If you have a bowl of cold, cooked rice, you have much.
In my book, there is no other food item that can present itself in as many satisfactory guises as rice does. The humble, willing workhorse of the food world, it argues with very little. A few chopped spring onions, eggs, veg and soy sauce heralds the far-east into your home. Chucked into a pot of steaming, aromatic stock and you have spoon-and-slurp comfort. Coat it luxuriously with curd, add some tempered spices and curry leaves and a pickle will need no other accompaniment for this Tamilian staple, thair sadam (curd rice). Cook it thickly with jaggery sweetened coconut milk and add toasted cashew nuts for a nursery food like, sweetly nostalgic end to the day. Better yet, begin your day with the caramelised yet savoury undertones of an Indonesian Nasi Goreng.
Despite my most conscientious efforts, I never manage to get a dinner’s serving of rice quite right. Either I am left with an abundant quantity of the airy, puffed grains, or I am scrambling through the freezer, mid-meal, to quickly top-up the threatening, replenishing levels of the bowl on the table. Most of the time, I err on the side of greed, and cook generously, not only because, I will have a bowlful or two to turn into something wonderful the next day. The peskiness, of the universal question every home cook asks themselves – “What to make for dinner?” – is taken out of the cooking when decisions are already made for you. I like the assertiveness of that quiet bowl of rice.

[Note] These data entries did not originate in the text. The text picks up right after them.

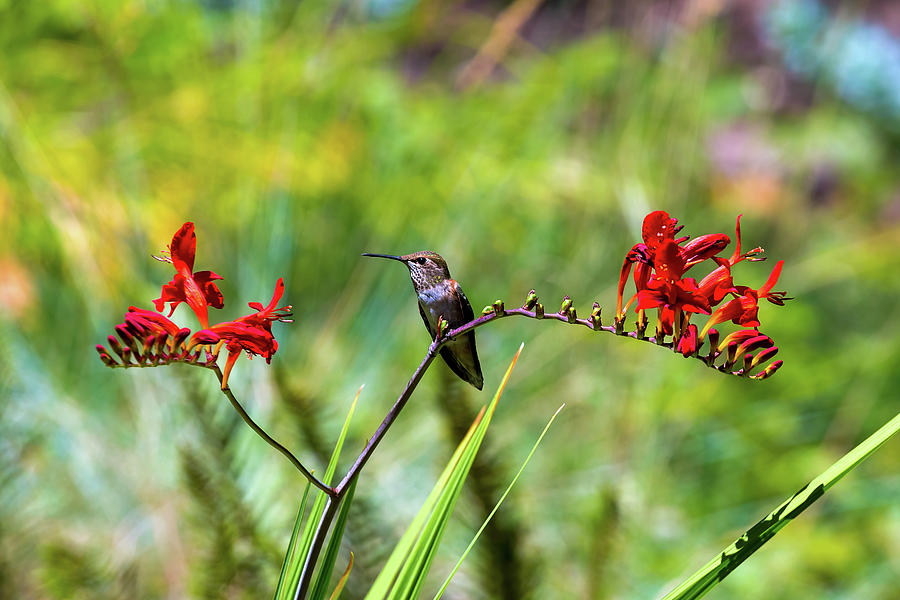 Hummingbird Photograph - Young Rufous Hummingbird Perched on Flower by David Gn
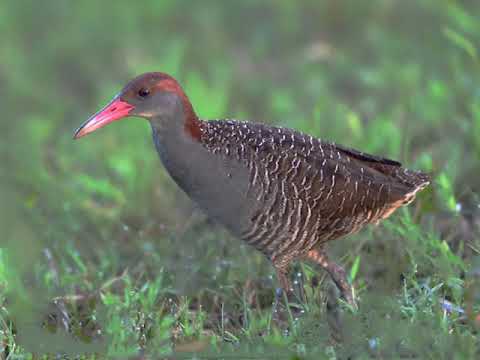 Tiếng Quốc Hoa Chàng Nghịch Quốc Vằn Bản Mới Nhất
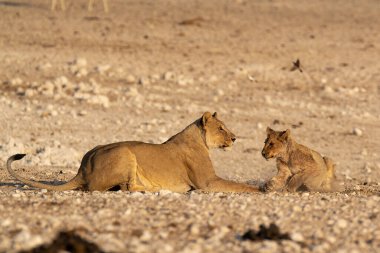 a lion cub and mother in the etosha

This Indonesian breakfast, may come across as odd. I however, find it perfectly suited to that suspended time between morning and afternoon, around ten closing in on eleven. When the morning has marched past milk soaked cereals (ugh..not a fan), but rocket leaves and vinaigrettes would be to brutal on the tastebuds. Here, the soft grains of the rice, flavoured only with the sweetness of sweet Indonesian soy sauce, bolstered by a fried egg, sits in perfect balance with the position of the clock’s hands. Brunch then.
Shrimp paste is one of the key ingredients here. To use it, it must be gently roasted over a flame until toasted, emitting a pungent smell. Don’t scrunch your nose. The effect it has on the dish is akin to the salty – savoury effect of anchovies when used in a considered measure. You could leave it out, if you choose. Make a spice paste (very simple), fry that gently a wee bit, chuck in rice, add Indonesian soy sauce, and you are basically done. I didn’t detect fishiness, but I did get that salty depth of flavour that made it so moreish and balanced, against the sweet soy. The wonderful, earthy, smoky, caramel flavour of the soy coated rice, peppered with the fresh zing of coriander and spring onion, made for a robust and in-tune partner to a simple firm fried egg (runny yolk does not work well here).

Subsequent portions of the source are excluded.